Dans le café où il nous a donné rendez-vous, Emmanuel Booz ne passe pas inaperçu avec sa chevelure blanche qui lui donne un air de Johnny Winter, le guitariste albinos de rock américain. À bientôt 80 ans, habillé de noir, d’un tempérament chaleureux, il a gardé l’allure du beatnick qu’il fut dans sa jeunesse. Devant un bon jus de pomme (il ne boit pas d’alcool), il nous raconte sa vie fleuve percutée par tout ce que le XXe siècle a brassé de tragédies et de renaissances, la guerre, la découverte d’Elvis Presley, la lecture du livre Sur la route de Jack Kerouac. Né en 1943 à Versailles, Emmanuel aura eu du monde une première vision terrifiante : la mitraillette d’un gestapiste venu fouiller la maison de son grand-père, à Vierzon. Ses parents maquisards parviennent à le sauver et le cachent dans la campagne. Le petit garçon y restera plusieurs années, élevé par des résistants, avant que sa mère et son père, un jour de 1948, décident de le récupérer et l’emmènent à BoulogneBillancourt, où ils pansent leurs douloureux souvenirs. Emmanuel a 5 ans. S’il retourne souvent voir sa famille adoptive, il découvre le joli square des Longs-Prés, les terrains vagues, l’école maternelle de la rue Thiers. Il grandit entre les belles amitiés et les parties de football au sein de l’ACBB : "On avait un beau terrain sur les quais de la Seine." Sa bande d’amis et lui dansent dans la salle des fêtes, écument les cafés de la place Marcel-Sembat. Emmanuel retrouve son père qui mène des chantiers un peu partout sur la planète et prend goût au nomadisme.
COSMIQUE ET ATOMIQUE
On le croise, par exemple, à New York en 1965, flanqué de sa guitare et de ses poèmes. Plus tard, il enregistre un disque avec Arlo Guthrie, (fils de l’icône de la folk song Woody Guthrie), lui-même artiste culte depuis sa prestation au festival de Woodstock. "Qui étais-je pour cette star? Un franchouillard avec sa guitare, et pourtant, il me propose une collaboration." Ce sera l’adaptation française, en 1969, du fameux disque d’Arlo, Alice’s Restaurant, dont les chants illustrent le film libertaire d’Arthur Penn. Emmanuel publie trois autres albums, Le jour où les vaches (1974), Clochard (1976) et Dans quel état j’erre (1979) accompagné du regretté violoniste Didier Lockwood. Ses compositions, riches de jeux de mots drôlatiques passés dans le langage courant (« à l’aise, Blaise »), navigue entre psychédélisme rageur et imprécations rappelant Léo Ferré, qui lui propose de faire sa première partie.
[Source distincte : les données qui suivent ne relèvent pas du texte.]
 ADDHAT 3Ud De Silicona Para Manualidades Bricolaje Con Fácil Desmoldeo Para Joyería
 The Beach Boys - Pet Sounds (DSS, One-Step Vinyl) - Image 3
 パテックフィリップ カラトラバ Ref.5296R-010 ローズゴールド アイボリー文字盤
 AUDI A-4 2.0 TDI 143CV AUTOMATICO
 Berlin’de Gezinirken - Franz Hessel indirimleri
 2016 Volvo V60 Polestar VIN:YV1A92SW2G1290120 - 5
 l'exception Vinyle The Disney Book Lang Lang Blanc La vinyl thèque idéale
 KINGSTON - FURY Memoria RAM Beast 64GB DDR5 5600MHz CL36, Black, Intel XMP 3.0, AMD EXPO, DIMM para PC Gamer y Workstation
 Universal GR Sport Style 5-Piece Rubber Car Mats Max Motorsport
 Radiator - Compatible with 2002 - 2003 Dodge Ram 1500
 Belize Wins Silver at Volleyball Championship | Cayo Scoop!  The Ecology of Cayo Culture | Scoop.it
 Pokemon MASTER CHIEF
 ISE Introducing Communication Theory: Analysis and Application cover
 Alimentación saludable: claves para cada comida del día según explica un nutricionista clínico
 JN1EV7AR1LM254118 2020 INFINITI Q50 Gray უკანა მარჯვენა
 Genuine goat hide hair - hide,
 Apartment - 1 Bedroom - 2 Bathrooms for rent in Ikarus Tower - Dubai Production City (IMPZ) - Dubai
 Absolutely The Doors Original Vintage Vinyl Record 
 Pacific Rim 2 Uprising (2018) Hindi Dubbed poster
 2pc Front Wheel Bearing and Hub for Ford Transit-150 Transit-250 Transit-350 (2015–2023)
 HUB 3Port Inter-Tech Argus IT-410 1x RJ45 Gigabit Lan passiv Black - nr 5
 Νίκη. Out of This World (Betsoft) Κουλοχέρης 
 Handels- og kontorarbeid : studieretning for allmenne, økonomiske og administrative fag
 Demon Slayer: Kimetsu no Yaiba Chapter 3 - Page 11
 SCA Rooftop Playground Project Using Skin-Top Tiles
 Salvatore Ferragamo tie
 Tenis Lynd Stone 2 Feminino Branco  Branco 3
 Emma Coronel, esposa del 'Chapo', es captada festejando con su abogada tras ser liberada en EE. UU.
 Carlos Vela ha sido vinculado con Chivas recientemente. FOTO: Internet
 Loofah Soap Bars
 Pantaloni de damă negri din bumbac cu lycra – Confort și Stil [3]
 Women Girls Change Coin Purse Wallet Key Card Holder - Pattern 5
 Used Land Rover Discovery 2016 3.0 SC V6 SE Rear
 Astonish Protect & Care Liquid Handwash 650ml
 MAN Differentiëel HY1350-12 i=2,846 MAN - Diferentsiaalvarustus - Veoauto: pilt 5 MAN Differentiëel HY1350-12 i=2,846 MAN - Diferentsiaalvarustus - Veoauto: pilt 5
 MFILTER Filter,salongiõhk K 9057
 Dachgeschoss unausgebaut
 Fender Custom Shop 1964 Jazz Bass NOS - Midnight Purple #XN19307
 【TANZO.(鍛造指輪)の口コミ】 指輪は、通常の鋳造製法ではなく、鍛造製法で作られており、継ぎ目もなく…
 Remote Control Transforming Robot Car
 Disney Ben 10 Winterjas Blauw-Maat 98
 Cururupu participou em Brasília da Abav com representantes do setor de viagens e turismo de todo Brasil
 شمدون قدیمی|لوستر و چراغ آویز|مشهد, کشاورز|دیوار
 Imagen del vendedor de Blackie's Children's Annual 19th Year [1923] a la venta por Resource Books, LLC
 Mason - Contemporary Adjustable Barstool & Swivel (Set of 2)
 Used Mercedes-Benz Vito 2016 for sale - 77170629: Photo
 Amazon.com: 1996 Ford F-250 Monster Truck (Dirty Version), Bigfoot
Mais le (sic) "poète cosmique atomique du rock français", comme l’écrira Philippe Manœuvre, ne rassure guère les producteurs déconcertés devant un être aussi inclassable.
DIFFICILE DE FAIRE 100 MÈTRES SANS UN « SALUT MANU ! »
Il disparaît, laissant son nom ici ou là, resurgit au générique du thriller américain La Mémoire dans la peau. "J’assurais la sécurité sur le film. Ils avaient besoin d’un chauffeur de taxi, et c’est la star Matt Damon qui leur a suggéré de me prendre. Il m’avait repéré. Mon look l’amusait." Il collabore à de nombreux scénarios, dont celui de Camping, la comédie à succès de Fabien Onteniente avec Franck Dubosc, tout cela en dormant parfois à la belle étoile, sans lien terrestre, sinon celui qui l’unit viscéralement à Boulogne-Billancourt, où il revient toujours, les poches remplies de poèmes et de notes de guitare.
Cette ville est la matrice de mon existence. Je me rends sur l’île Seguin pour écrire des poèmes. Je me promène dans Boulogne-Billancourt avec un plaisir toujours renouvelé. J’ai confiance. Les gens ici sont tellement gentils. Dans ce café, on m’a offert un pain au chocolat.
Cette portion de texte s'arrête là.